According to the Vegan Society, “Veganism is a way of living which seeks to exclude, as far as is possible and practicable, all forms of exploitation of, and cruelty to, animals for food, clothing or any other purpose.”
I went vegan at the beginning of 2016. My reason for doing so was plain old curiosity and experimentation. I wanted to understand why people choose not to eat meat and dairy. I later found out that being vegan is more than just a diet but a political and ethical movement that includes boycotting the use and exploitation of animals in all facets of life including cosmetics (animal testing etc), fashion (leather, fur, wool etc), medication (animal testing etc) and entertainment (zoos, aquariums etc). I had only planned on staying vegan for a year to gain a full understanding of the lifestyle and community but within that year I had learnt so much about the movement and experienced such positive reactions from my body with this new diet that I decided that I would stay vegan for what I planned to be the rest of my life.
Fast forward to February 2017. I moved to Cape Town to become a chef. I figured that seeing as I would be cooking with meat and dairy it wouldn’t be logical for me to stay vegan, so for the months of February and March, I decided to take a break from veganism.
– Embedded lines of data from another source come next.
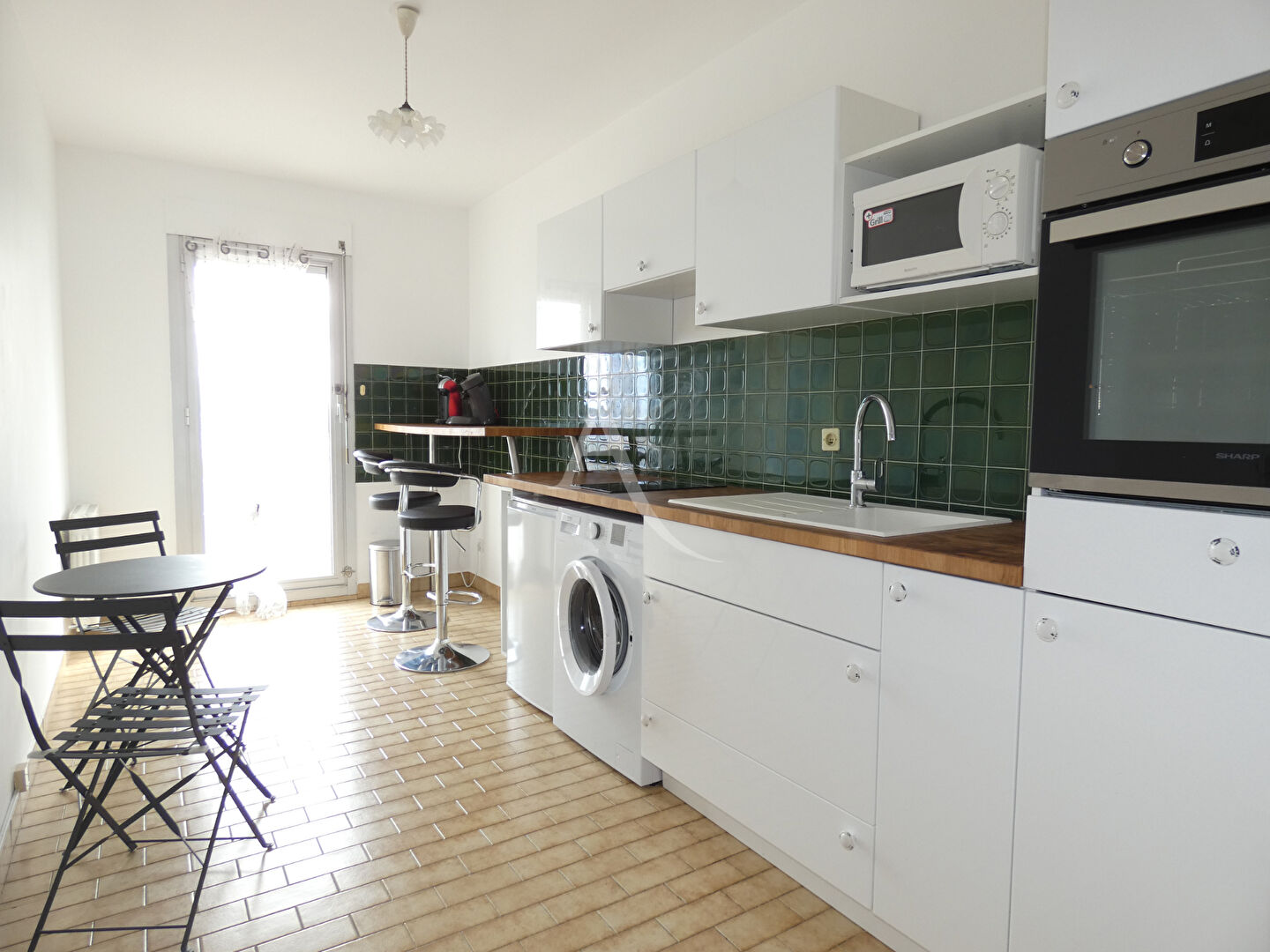 Agence immobilière de L'ADRESSE ACTIF IMMO - L'ADRESSE ACTIF IMMO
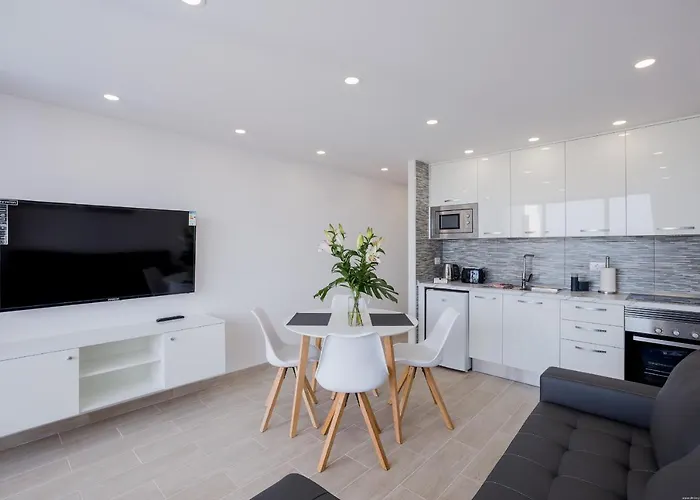 Vina Del Mar 7 Playa de las Américas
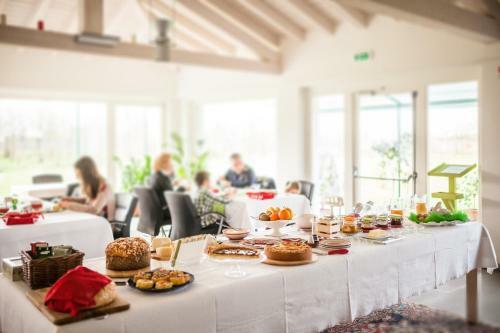 Agroturismo Settecentoalberi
Then one lovely Saturday afternoon, I visited a raw vegan restaurant in the city. I was so astounded by how the chefs managed to impart so much flavour into raw veggies that I was reinspired to go vegan. Everything worked out well for most of the year. Then came December 2017…
I started working at a gorgeous fine dining restaurant of a well-established wine farm in Cape Town. It was a truly amazing working experience but I found it close to impossible to remain vegan in that environment. I had to taste so many purees, sauces, and mayos not only to make sure they were still fresh and tasted fine but to differentiate between them. Because if I used sesame mayo when I should’ve used plain mayo (which looked identical) I was fucked. Moreover, because my hours were such that I went to work at 09:30 and I came back home at 23:00, I had zero time to make myself food. I did try, on my off days, to make lunch for work because although we were provided with staff food it wasn’t vegetarian (unless I kindly asked whoever is in charge of feeding us that day to reserve a small bowl of meatless food for me) let alone vegan. So when I was offered a bowl of veggies drenched in bechamel sauce (that’s white sauce for those of you who don’t know the official terminology), I ate it. From December 2017 until January 2018 I was vegetarian.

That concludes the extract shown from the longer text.